Tanto a teoria ondulatória quanto a teoria cinético corpuscular, são duas óticas diferente, de se lançar visão sobre a mesma coisa: as formas da energia. Hoje é aceito que ambas se completam como características da luz, porém mais, de todas as formas de energia, e não apenas da luz como tem sido enfatizado, que é apenas uma das formas de energia conhecida. Todavia a história da ciência nos mostra que, por causa dos sentimentos deturpados que se desenvolvem no coração do homem, principalmente quando ele tem o orgulho de se nominar cientista, por muito tempo estas duas correntes teóricas tentaram ser excludentes, uma em relação a outra, mas pelo entendimento que se chegou hoje, elas já não conseguem mais, sequer, serem tão distintas.

Em Cosmologia, segundo a teoria do Big Bang, o universo observável é a região do espaço limitada por uma esfera imaginária, cujo centro é o observador, suficientemente pequena para que objetos possam ser observados nela, ou seja, houve tempo suficiente para que um sinal emitido pelo objeto, a qualquer momento depois do Big Bang, movendo-se à velocidade da luz, tenha alcançado o observador agora. Tal sinal corresponde a imagem que temos destes objetos. Não se pode conhecer algo por experimentação direta sobre qualquer parte do universo que seja desconectada de causalidade de “nós”, apesar de diversas teorias, como a Inflação cósmica, requererem um universo muito maior que o universo observável. Não existem evidências que sugiram que a fronteira do universo observável corresponda exatamente à fronteira física do universo (se é que tal fronteira existe); isso seria extremamente improvável, pois implicaria que a Terra estivesse exatamente no centro do universo, em violação do Princípio cosmológico.

Do ponto de vista da aparência observável, o universo é um espaço onde uma certa quantidade de matéria tende, sempre, a se aglutinar, de modo punctual, assemelhando se formando o grande mosaico, só que volumétrico.

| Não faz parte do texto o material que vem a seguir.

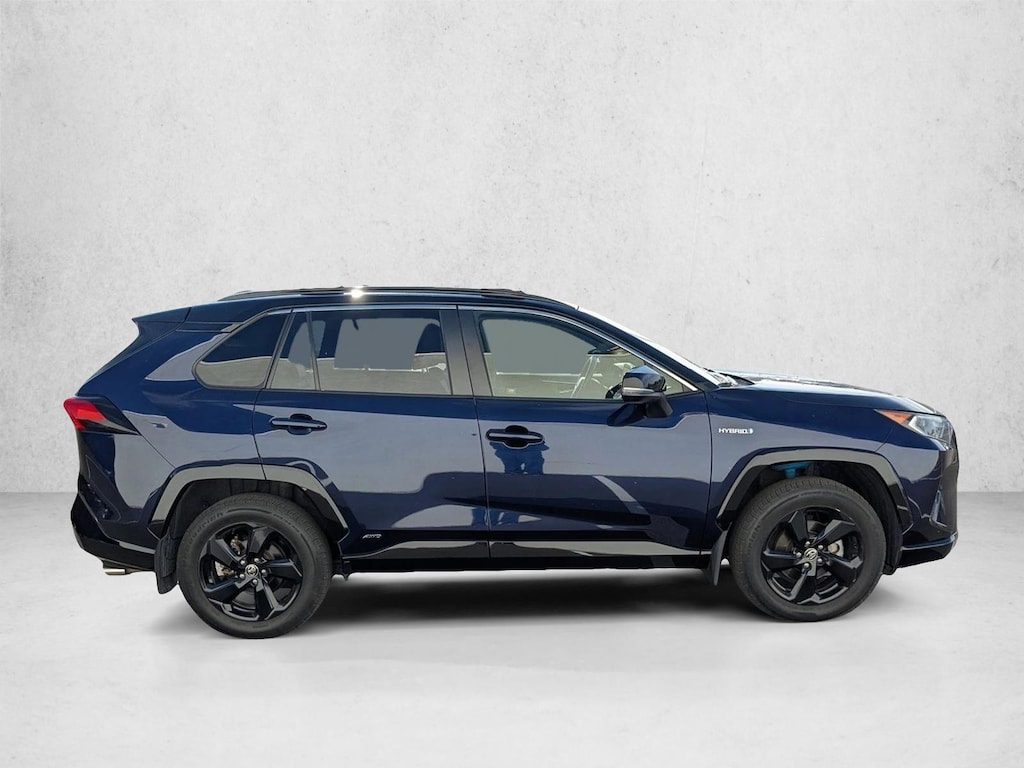 Used 2020 Toyota RAV4 Hybrid XSE SUV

Este “padrão de aparência”, no entanto, predomina em todos os demais sistemas observáveis, seja considerando-se o visual das estruturas moleculares das substâncias, seja considerando-se a superfície da terra vista a altitudes elevadas, até mesmo principalmente, a forma da paisagem da ocupação humana da terra, predomina o “visual de um mosaico” que é formado por padrões de fragmentos e faixas os quais se destacam sobre um fundo ou matriz. Deste modo na imensidão do espaço a matéria se aglutina em pontos, nos quais variam tanto o volume, quanto a densidade volumétrica. Se num ponto do universo a matéria é rearranjada de uma certa maneira, com partículas sendo agregadas, em outro ponto do universo ela o é também, mas de maneira diametralmente oposta, com partículas sendo desintegradas, de modo que um certo equilíbrio é mantido na quantidade total de matéria do universo. O universo físico é pura composição de fragmentos de matéria!

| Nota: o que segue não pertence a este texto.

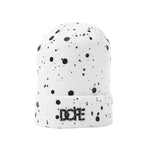 Printed Speckle Logo Beanie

Vivemos um momento interessante na evolução das teorias cosmológicas, em termos especulativos, com novas teorias passando a ser testadas. Como exemplo, o Prêmio Nobel da Física, no ano de 2011, foi atribuído aos cientistas norte-americanos Saul Perlmutter, Brian Schmidt e Adam Riess – pelo trabalho que ficou chamado de “a descoberta da expansão acelerada do universo através de observações de supernovas distantes”. Segundo os resultados desse trabalho, não só o Universo continua a expandir-se, como o faz cada vez mais depressa. As equipes de Perlmutter, Schmidt e Riess mediram a velocidade da expansão do Universo através da observação de supernovas (estrelas que morrem numa imensa explosão), nomeadamente as "anãs brancas", que têm uma massa comparável à do nosso Sol, porém concentrada numa esfera do tamanho da Terra. A luz das supernovas observadas revelou-se mais fraca do que o previsto, sinal cosmológico de que a expansão do Universo estará a acelerar e não a abrandar.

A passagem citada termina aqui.